PROBLEM TO SOLVE: Below is a listing; print exactly its lines from the one containing "Helleborus 'Silver Veil' - The Garden Corner" down to the one containing "65 Weston Street, Weston NSW 2326", both inclusive, with every picture left out.

RECORDS FOR THE EXERCISE:
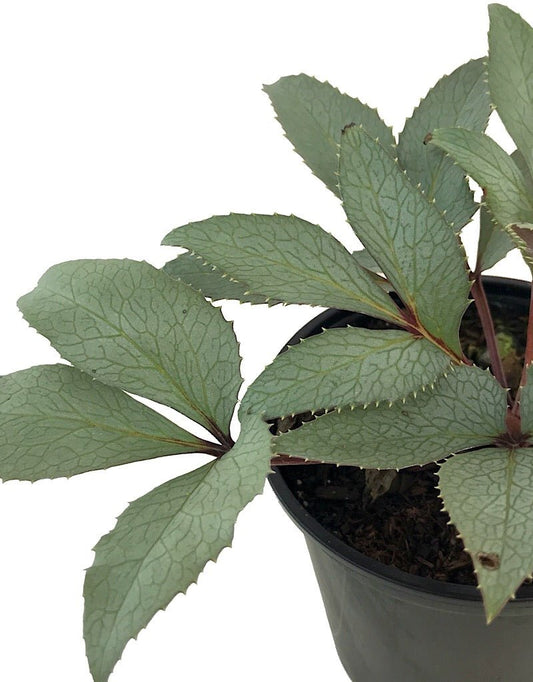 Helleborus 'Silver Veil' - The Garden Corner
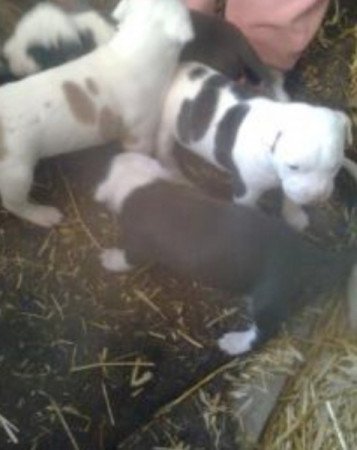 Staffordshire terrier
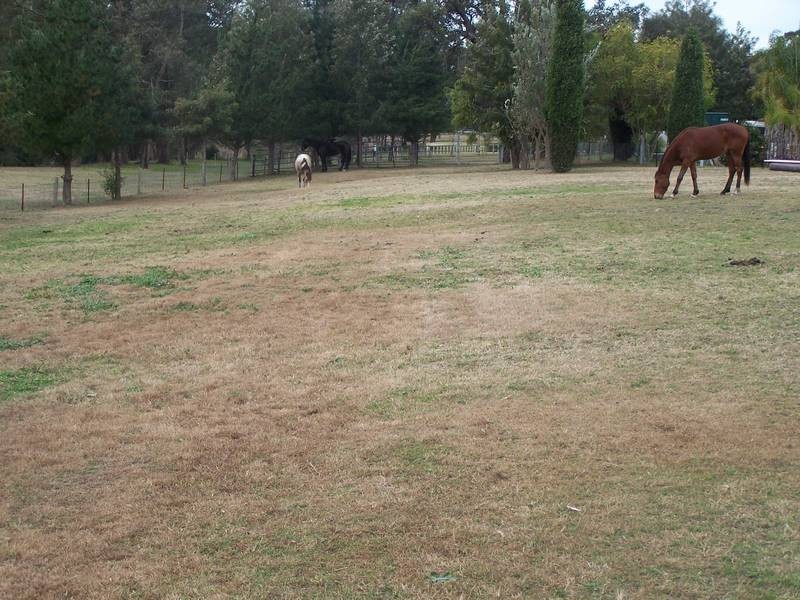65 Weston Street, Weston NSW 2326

* * *

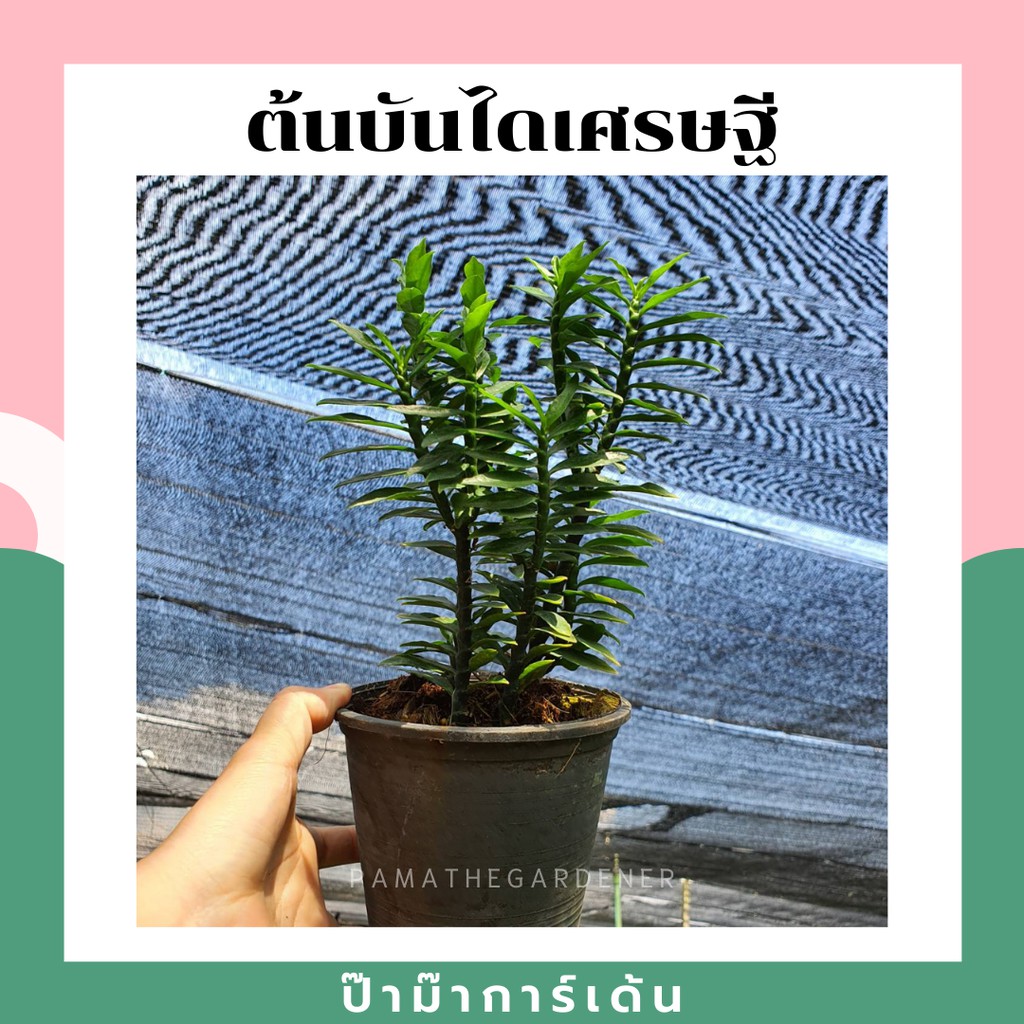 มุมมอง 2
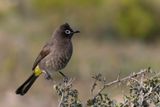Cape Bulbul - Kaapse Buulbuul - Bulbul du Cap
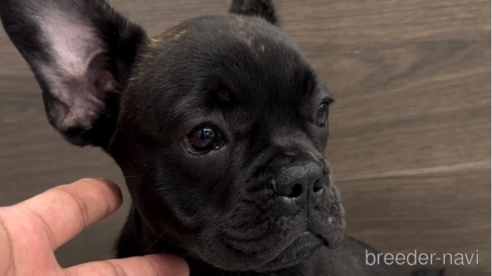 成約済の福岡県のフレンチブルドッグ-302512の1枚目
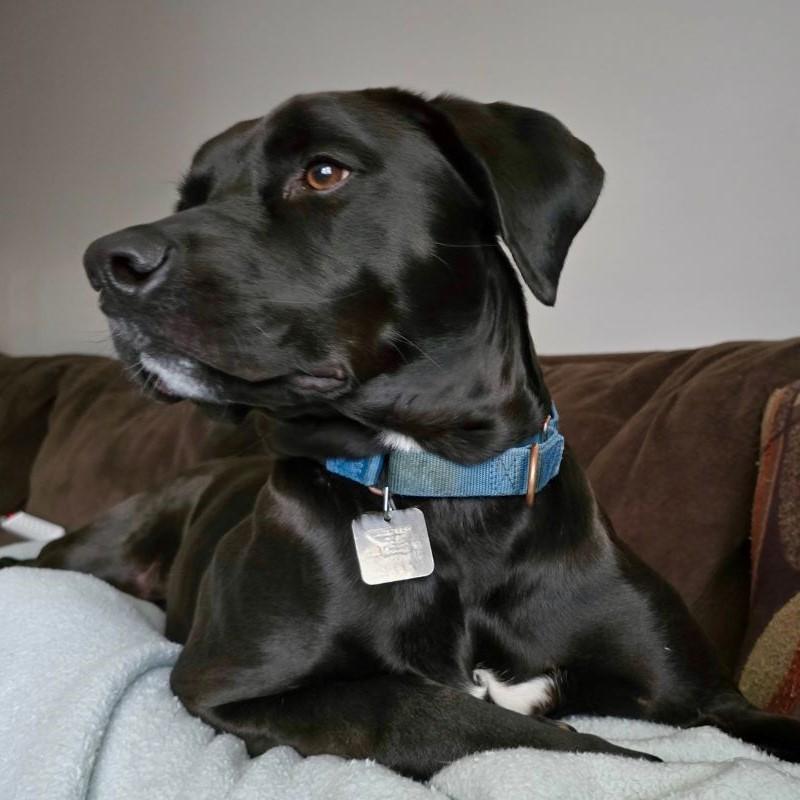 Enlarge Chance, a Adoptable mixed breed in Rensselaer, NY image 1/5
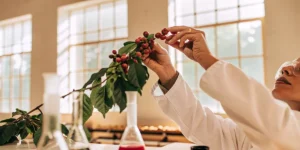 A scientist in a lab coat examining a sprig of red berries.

SOLUTION TO THIS TASK:
 Helleborus 'Silver Veil' - The Garden Corner
 Staffordshire terrier
65 Weston Street, Weston NSW 2326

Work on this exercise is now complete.